Why do we like things in a specific order? Well, sometimes anyway. I would never think of saying chips and fish, for instance, but I’m not sure about bacon and eggs vs. eggs and bacon.
The order of adjectives is an interesting matter. Big, red book is fine, but red, big book certainly isn’t. However, once one gets more than about three in a string of adjectives, my intuitions at least get a little uncertain. How about big, black, shiny, American car vs. big, shiny, black, American car?
The Little Red Book
I am now going to step out onto very thin ice and consider adjective order in languages where the adjectives regularly follow the noun. I have almost no intuitions about this, but I do have a bit of evidence for two languages. Here we go with Irish. Irish for “beautiful, young girl” is cailín deas óg, literally “girl beautiful young”, with the adjectives in the same order as in English.

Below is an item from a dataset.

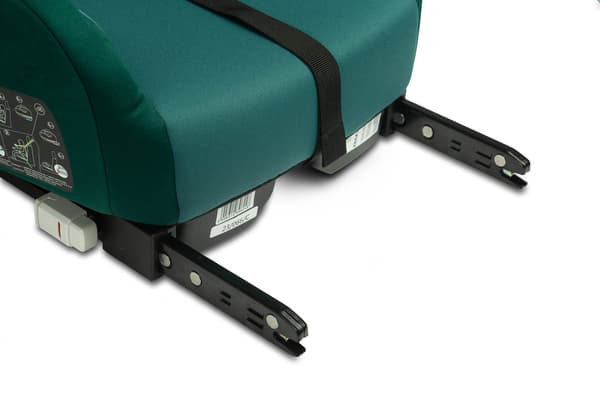 Barnstol Puma I-Size Emerald (125-150)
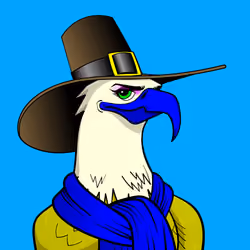 Epic Eagle #1363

Another example comes from Hebrew, and is supplied by my neighbour, who is a fluent Hebrew speaker. Modern Hebrew for “big, red book” is [sefer gadol adom], literally book big red. Again the order is the same as in English.
I would welcome any comments about languages of this sort, especially if they seem to be different from English in their order hierarchy.
There is a putative hierarchy for English online at this address. I’m still pondering that to see if I can find any good counter-examples.